# Activity: Explore probability distributions

## **Introduction**

The ability to determine which type of probability distribution best fits data, calculate z-score, and detect outliers are essential skills in data work. These capabilities enable data professionals to understand how their data is distributed and identify data points that need further examination.

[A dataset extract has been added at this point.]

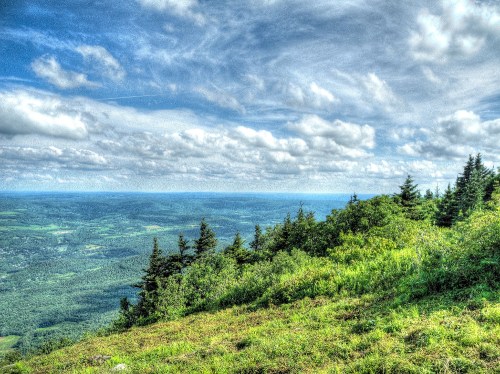 A panoramic view of lush green hills and valleys under a bright, cloudy sky.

In this activity, you are a member of an analytics team for the United States Environmental Protection Agency (EPA). The data includes information about more than 200 sites, identified by state, county, city, and local site names. One of your main goals is to determine which regions need support to make air quality improvements. Given that carbon monoxide is a major air pollutant, you will investigate data from the Air Quality Index (AQI) with respect to carbon monoxide.

## **Step 1: Imports** 

Import relevant libraries, packages, and modules. For this lab, you will need `numpy`, `pandas`, `matplotlib.pyplot`, `statsmodels.api`, and `scipy`.

In [1]:
# Import relevant libraries, packages, and modules.

import pandas as pd

A subset of data was taken from the air quality data collected by the EPA, then transformed to suit the purposes of this lab. This subset is a .csv file named `modified_c4_epa_air_quality.csv`. As shown in this cell, the dataset has been automatically loaded in for you. You do not need to download the .csv file, or provide more code, in order to access the dataset and proceed with this lab. Please continue with this activity by completing the following instructions.

In [2]:
# RUN THIS CELL TO IMPORT YOUR DATA.

### YOUR CODE HERE ###
data = pd.read_csv(r"C:\Users\saswa\Documents\GitHub\Python-For-Data-Analysis\Course-4\Module-2\Data\modified_c4_epa_air_quality.csv")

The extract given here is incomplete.